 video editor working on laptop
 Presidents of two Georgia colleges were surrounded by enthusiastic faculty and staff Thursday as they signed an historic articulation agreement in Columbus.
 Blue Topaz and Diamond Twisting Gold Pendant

__Work required__
All of the material must appear again, exactly as given.

__Your response__
 video editor working on laptop
 Presidents of two Georgia colleges were surrounded by enthusiastic faculty and staff Thursday as they signed an historic articulation agreement in Columbus.
 Blue Topaz and Diamond Twisting Gold Pendant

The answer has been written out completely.